═══ RECORDED DATA
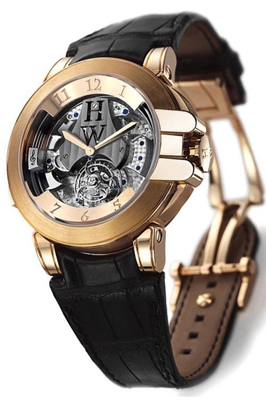 Harry Winston Premier Collection 400.MMTWR45RL Mens Watch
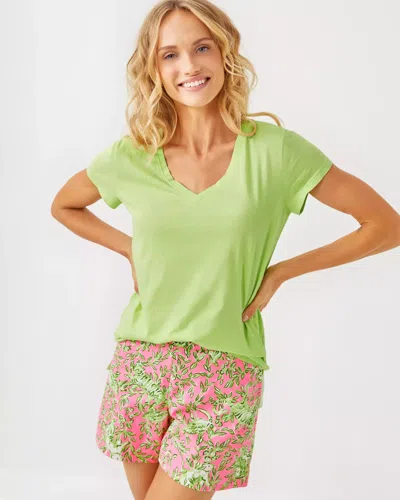 Lilly Pulitzer Meredith Tee In Jade Lime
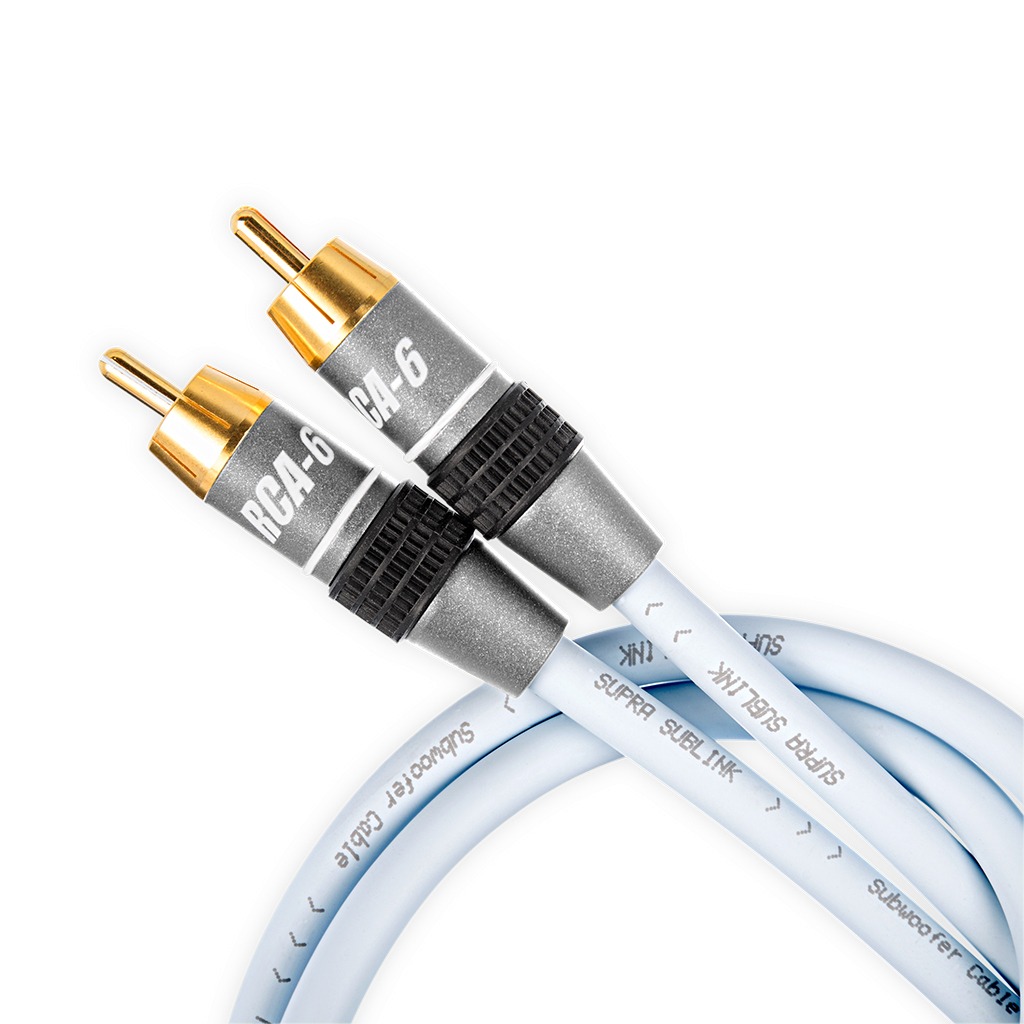 Supra Cables Sublink 1RCA-1RCA Blue 3m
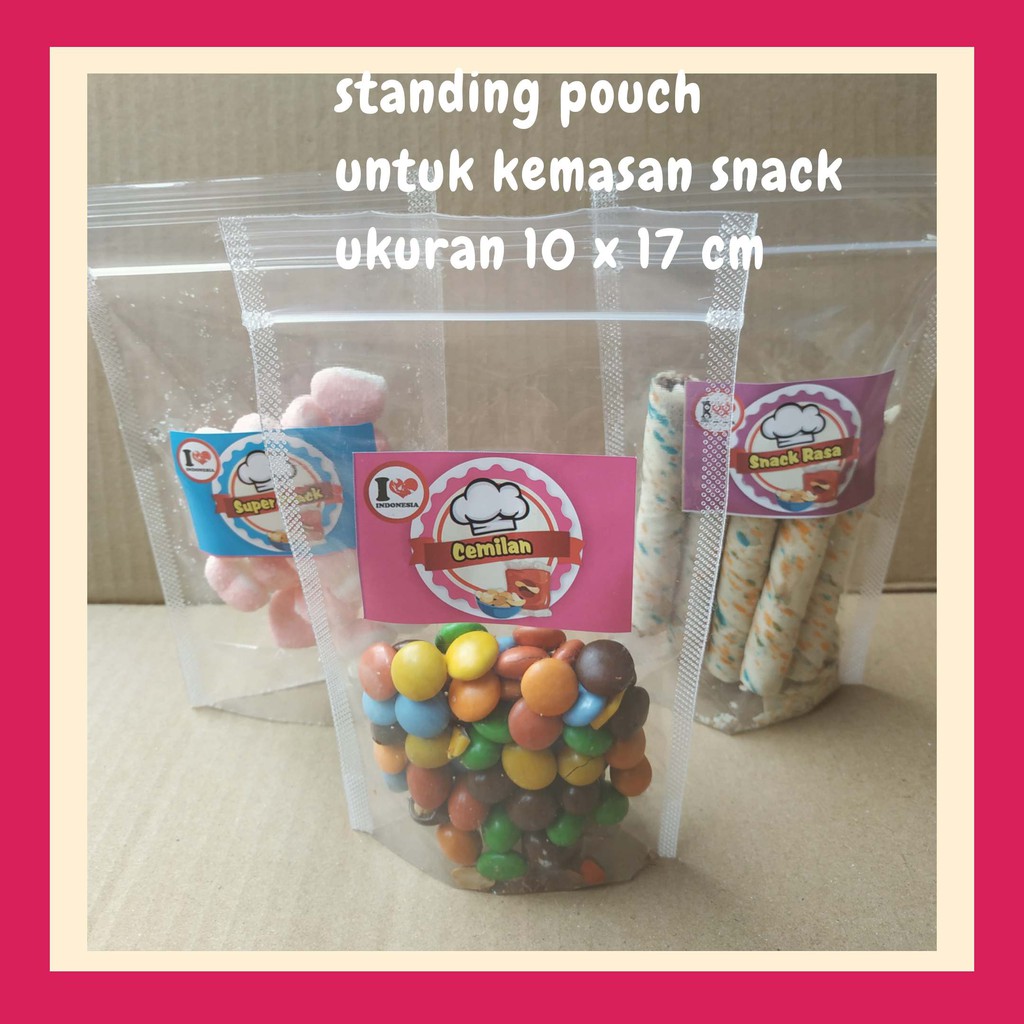 Paling Baru Stiker Snack Plastik  Aneka Stiker  Keren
══════
AIM OF THE EXERCISE
Could each line of the data be written out exactly, with no pictures included?

OUTPUT
 Harry Winston Premier Collection 400.MMTWR45RL Mens Watch
 Lilly Pulitzer Meredith Tee In Jade Lime
 Supra Cables Sublink 1RCA-1RCA Blue 3m
 Paling Baru Stiker Snack Plastik  Aneka Stiker  Keren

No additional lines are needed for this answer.